Ensuite, continuons avec les femmes: quand cette femme ou cette jeune fille [la Samaritaine, cf. Jn 4, 1-27], je ne sais pas quelle était sa situation, commença à faire un peu la « catéchiste » et à dire : « Mais il faut adorer Dieu sur cette montagne, ou sur celle-ci ?… ». Jésus lui a dit : « Et ton mari ?… » — « Je n’en ai pas » — « Tu as dit la vérité ». Et en effet, elle portait de nombreuses médailles d’adultère, beaucoup de « décoration »… Pourtant, elle a été la première à être pardonnée, elle a été « l’apôtre » de la Samarie. Alors, comment doit-on faire ? Allons à l’Evangile, allons à Jésus ! Cela ne signifie pas jeter le bébé avec l’eau sale du bain, non, non. Cela signifie chercher la vérité; et que la morale est un acte d’amour, toujours : d’amour pour Dieu, d’amour envers son prochain. C’est également un acte qui laisse place à la conversion de l’autre, il ne condamne pas immédiatement, il laisse de l’espace.

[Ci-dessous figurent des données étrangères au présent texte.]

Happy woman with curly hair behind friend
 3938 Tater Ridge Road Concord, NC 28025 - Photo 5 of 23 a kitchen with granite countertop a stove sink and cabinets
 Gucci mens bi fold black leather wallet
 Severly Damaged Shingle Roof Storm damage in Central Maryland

Une fois — il y a beaucoup de prêtres ici, mais excusez-moi — mon prédécesseur, non, l’autre, le cardinal Aramburu, qui est mort après mon prédécesseur, m’a donné un conseil quand j’ai été nommé archevêque : « Quand tu vois qu’un prêtre vacille un peu, glisse, appelle-le et dis-lui: “ Parlons un peu, on m’a dit que tu étais dans cette situation, presque de double vie, je ne sais pas… ”; et tu verras que ce prêtre commencera à te dire : “ Non ce n’est pas vrai, non… ” ; interromps-le et dis-lui : “ Ecoute-moi, rentre chez toi, penses-y et reviens dans quinze jours, nous en reparlerons ; et pendant ces quinze jours — c’est ce qu’il me disait — il avait le temps de penser, de repenser devant Jésus et de revenir : “ Oui, c’est vrai. Aide-moi ! ”. Il faut toujours du temps. “ Mais, Père, ce prêtre a vécu, il a célébré la Messe, en état de péché mortel pendant ces quinze jours, c’est ce que dit la morale, et vous, que dites-vous ? ”. Qu’est-ce qui est mieux ? Qu’est-ce qui a été mieux ? Que l’évêque ait eu la générosité de lui laisser quinze jours pour y penser, malgré le risque de célébrer la Messe en état de péché mortel, c’est cela qui est mieux ou l’autre option, la morale rigide ? Et à propos de la morale rigide, je vous raconterai un fait auquel j’ai moi-même assisté. Pendant mes études de théologie, l’examen concernant l’écoute des Confessions — il s’appelait « ad audiendas » — avait lieu en troisième année, mais nous, ceux de deuxième année, nous avions la permission d’aller y assister pour nous préparer ; et une fois, on a soumis à l’un de nos camarades le cas d’une personne qui va se confesser, mais un cas très compliqué, concernant le septième commandement, « de justitia et jure » ; mais c’était vraiment un cas tellement irréel… ; et ce camarade, qui était une personne normale, a dit au professeur : « Mais père, cela n’arrive pas dans la vie » — « Oui, mais on le trouve dans les livres ! ». J’ai vu cela.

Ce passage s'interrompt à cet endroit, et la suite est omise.